From Bugzilla Helper: User-Agent: Mozilla/5.0 (Macintosh; U; PPC Mac OS X; en-us) AppleWebKit/106.2 (KHTML, like Gecko) Safari/100.1 Description of problem: After a few minutes of NFS client activity, the system deadlocks. Only responce from the system is via ping. (no vga, mouse, CTRL-ALT-DEL, etc.) Must power cycle system to reboot. Reproducable on uniprocessor kernel also, just takes longer. Version-Release number of selected component (if applicable): errata kernels 2135, 2138, 2140 How reproducible: Always Steps to Reproduce: 1. mount server:/somefs /mnt/nfs 2. tar -cvf /dev/null /mnt/nfs 3. wait a few minutes Actual Results: system deadlocks Expected Results: system should complete the copy, and continue to live.
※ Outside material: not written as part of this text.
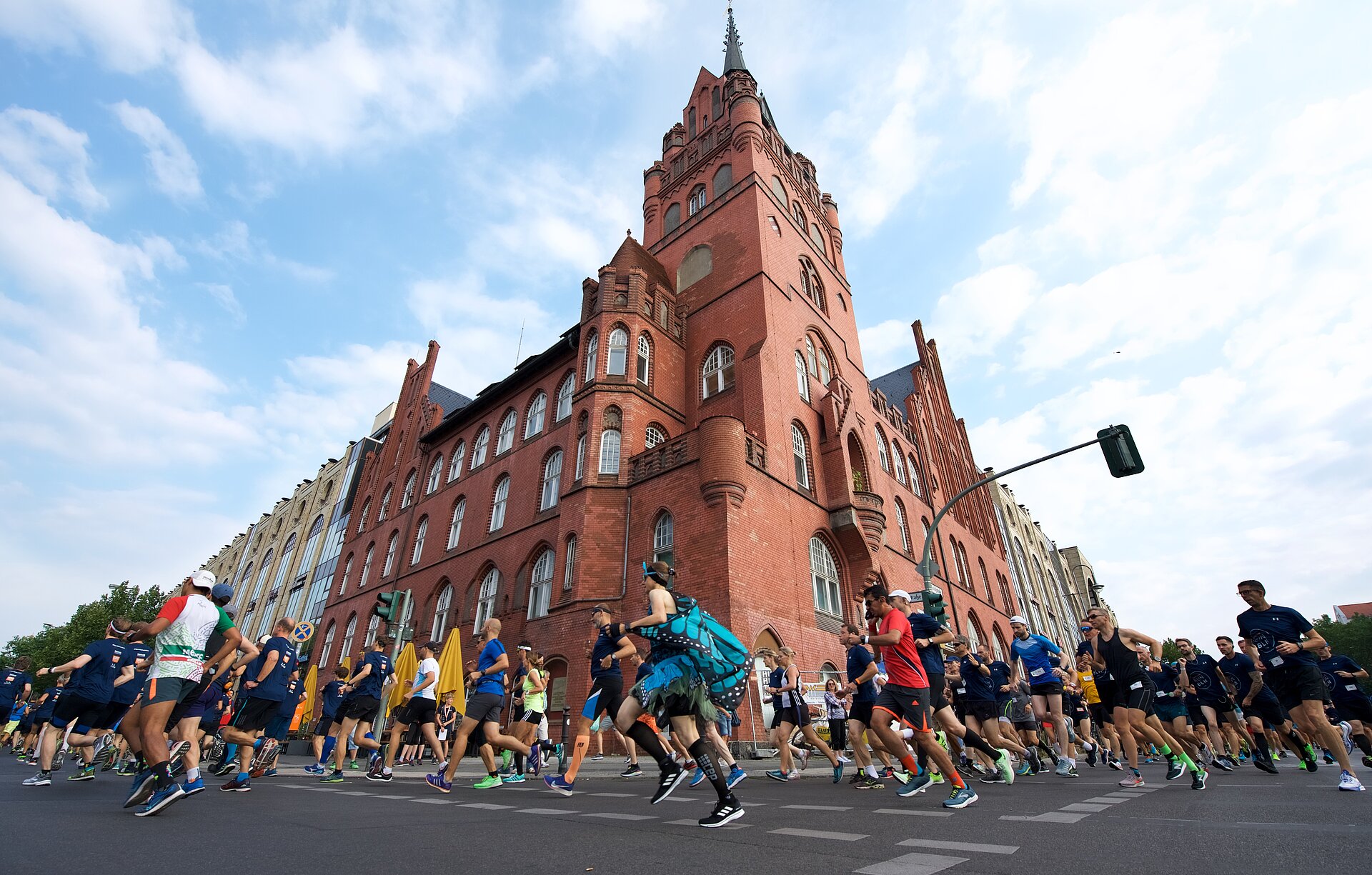 Berlin Road Race: Field of runners at a street corner © Eberhard Thonfeld SCC EVENTS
Additional info: current FC1 load, with all current (as of 8 Jan 04) applied, including kernel-2.4.22-1.2140) Machines tested include a Dell PowerEdge Workstaion 330 (uniprocessor xeon) and IBM Intellistaion Z Pro (uniprocessor xeon w/ hyperthreading) Suggestions for better methods of data collection welcome, I can't get an OOPS since the screen blanks... :/
I have a dual 2.2 XEON (hyperthread disabled) with FC1.0, kernel 2115. It worked for over 25 days with NFS and SMB. It finally hung last night after I disconnected the cable to the NFS server and did a DF. Message was posted to the Fedora mailing list. I am upgrading to 2140 kernel and will re-test (and will use Stress). Please CC me on resolution.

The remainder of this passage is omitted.